Political leaders’ debates are almost always a letdown. I suspect the upcoming Election 2019 leaders’ debates next week will be no different.
Canadian voters will tune in to the debate expecting a slew of zingers and a hostile dress-down of party leaders who take the stage. But what they usually get is candidates talking over each other with stiff pre-determined talking points, on issues the moderator deems important.
And while the stakes are high in an election too close to call, debates generally do little to change that, even amongst undecided voters, who tune in to hear leaders’ visions and priorities to try and make their decision clearer.
There have been few noteworthy exceptions to the common wisdom that debates rarely change election outcomes.
The most notable exception was the 1984 federal election debate between John Turner and Brian Mulroney. The night of the English language leaders’ debate, Mr. Mulroney attacked Mr. Turner on the issue of Liberal patronage appointments. For a moment, the Liberals were set to continue to govern. But when Turner was challenged by Mr. Mulroney at the debate on the issue, Mr. Turner said this: “Well, I’ve told you and told the Canadian people, Mr. Mulroney, that I had no option.” It was that moment when it happened, Mr. Mulroney responded, “You had an option, sir. You could have said, ‘I am not going to do it.’” The exchange was historic. That line was a knock-out punch. It was the moment that changed the election. Mr. Mulroney went on to win. And win big.

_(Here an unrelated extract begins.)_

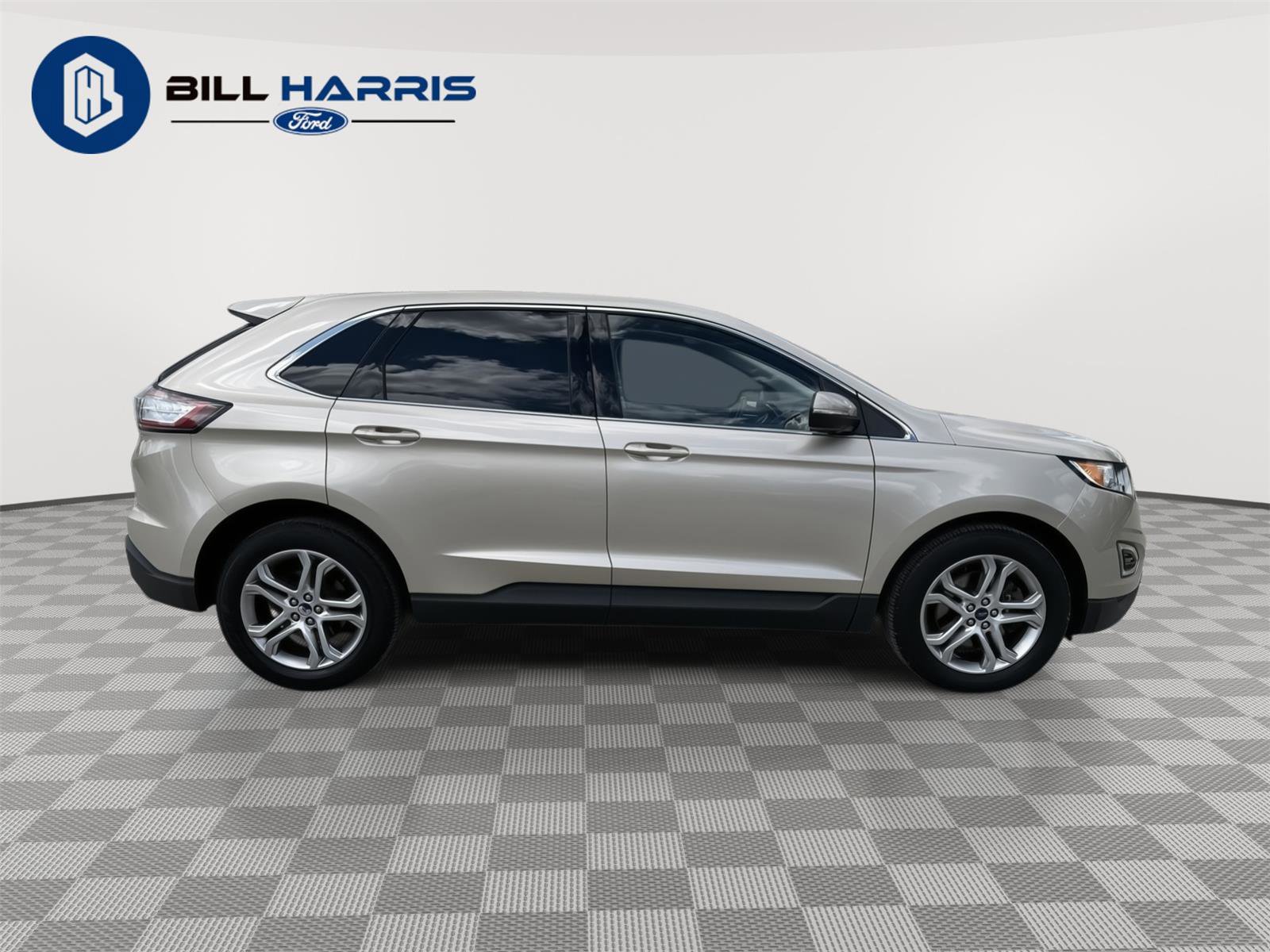 Used 2017 Ford Edge Titanium w/ Equipment Group 301A AWD/4WD image 4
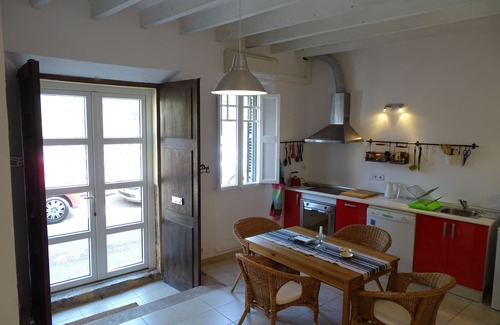 Biniaraix Casa | Acogedora casa con terraza, vistas 360º a las montañas y el valle.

While there have been other moments in Canadian debate history, none were as monumental as that exchange.
But even those who accept the notion that debates might not move the dial, live television holds boundless possibilities. Leaders of each party spend months intensely preparing for what could be their 1984 moment.
Few have experienced the world of political debate prep. There is no step-by-step guide to how it works, and no manual on best practices. And no candidate likes to prepare the same way. Most of the material is prepared well in advance and is tabbed neatly in a binder for easy access. Talking points, facts, and figures are all available at the leader’s fingertips.
But more interesting than compiling a binder of talking points is what happens in the room:
The group responsible for debate prep is small – by design. While many are fascinated by the process – few are invited. The reason is simple; debate prep is pointless when it becomes a forum overrun with too many opinions on what to say and how to say it.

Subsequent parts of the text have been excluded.